Il silenzio fragoroso della Confindustria di Emma Marcegaglia sul referendum tra una settimana allo stabilimento Fiat di Mirafiori indigna molti piccoli dell’organizzazione confindustriale, soprattutto del comparto Federmeccanica. C’è nel Veneto, e anche nella Bassa Lombarda, chi vorrebbe raccogliere firme per una sorta di manifesto anti Marcegaglia.
La convinzione è vasta che Marchionne non soltanto è un manager capace, ma ha anche ragione. E che gli accordi speciali in deroga che chiede per il comparto auto sono effettivamente la sola soluzione per la sua sopravvivenza, e quindi di interesse sostanziale per il sindacato. Che se le rifiuta è solo per cieco pregiudizio ideologico o per le manovre politiche di suoi dirigenti – ambizioni di cui l’appoggio che a essi dà l’ex sindacalista Cofferati sarebbe una cartina di tornasole.

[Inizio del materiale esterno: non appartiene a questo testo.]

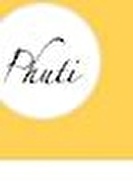 PHUTİ COLLECTION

A questo punto il silenzio della presidente è giudicato connivente. Non si sa per quali ragioni, ma ormai si dà per scontato che Emma Marcegaglia voglia usare la Confindustria per uno sbocco politico. Come candidata del’Udc a capo di un governo di responsabilità o unità nazionale, oppure, nel caso di adesione dell’Udc al governo Berlusconi, a quella di vice presidente del consiglio. Tutte previsioni che si fanno per scherno, ma che concorrono alla voglia di pronunciamento.
Si verificherebbe un'inedita sintonia, se non allenza, tra i piccoli, da sempre avversi alle grandi imprese che comandano in Confindustria, e il prototipo dei grandi, la Fiat. Ma non contradittoria, seppure apparentemente contorta: i piccoli sono risentiti anche contro la sorda battaglia del loro giornale, "Il Sole 24 Ore", oltre che dei grandi editori come Bazoli e De Benedetti, contro Marchionne e la Fiat proprio e solo su questo punto, sulla flessibilità contrattuale. Non per altro motivo, non ne trovano altro, che le ambizioni politiche di Marcegaglia, sostenuta da De Benedetti e Bazoli.